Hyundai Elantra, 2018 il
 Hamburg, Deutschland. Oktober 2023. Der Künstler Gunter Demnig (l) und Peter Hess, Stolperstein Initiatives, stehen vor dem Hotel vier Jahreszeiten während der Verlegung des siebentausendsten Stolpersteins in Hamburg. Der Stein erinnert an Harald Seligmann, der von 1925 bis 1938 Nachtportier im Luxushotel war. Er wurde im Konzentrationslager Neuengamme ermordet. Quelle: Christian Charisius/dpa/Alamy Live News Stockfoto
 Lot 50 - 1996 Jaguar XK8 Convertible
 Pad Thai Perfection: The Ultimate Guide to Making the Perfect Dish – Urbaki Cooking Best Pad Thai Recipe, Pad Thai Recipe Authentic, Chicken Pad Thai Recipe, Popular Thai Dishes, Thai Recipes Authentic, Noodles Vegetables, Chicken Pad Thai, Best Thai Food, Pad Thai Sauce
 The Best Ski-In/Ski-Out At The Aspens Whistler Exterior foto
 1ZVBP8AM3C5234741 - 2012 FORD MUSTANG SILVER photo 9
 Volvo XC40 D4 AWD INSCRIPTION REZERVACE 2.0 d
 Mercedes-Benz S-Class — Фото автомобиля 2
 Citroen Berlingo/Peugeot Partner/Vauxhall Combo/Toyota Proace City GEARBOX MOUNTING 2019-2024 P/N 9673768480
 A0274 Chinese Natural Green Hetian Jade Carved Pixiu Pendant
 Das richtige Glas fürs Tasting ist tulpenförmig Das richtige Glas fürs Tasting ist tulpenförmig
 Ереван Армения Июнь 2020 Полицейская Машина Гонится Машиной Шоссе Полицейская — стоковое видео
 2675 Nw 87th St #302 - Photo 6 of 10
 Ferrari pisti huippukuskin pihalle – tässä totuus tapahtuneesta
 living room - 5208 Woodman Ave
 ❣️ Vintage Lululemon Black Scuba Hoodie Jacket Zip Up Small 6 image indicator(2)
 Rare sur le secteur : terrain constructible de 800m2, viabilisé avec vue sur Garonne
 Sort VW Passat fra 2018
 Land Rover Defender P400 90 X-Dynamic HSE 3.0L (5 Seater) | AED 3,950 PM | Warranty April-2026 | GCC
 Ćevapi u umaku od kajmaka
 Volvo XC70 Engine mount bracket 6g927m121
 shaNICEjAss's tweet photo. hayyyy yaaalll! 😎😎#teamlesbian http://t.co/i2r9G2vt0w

##########

- Problem to solve -
Where a line above holds the string "Volvo", copy that line.

- Output of the task -
 Volvo XC40 D4 AWD INSCRIPTION REZERVACE 2.0 d
 Volvo XC70 Engine mount bracket 6g927m121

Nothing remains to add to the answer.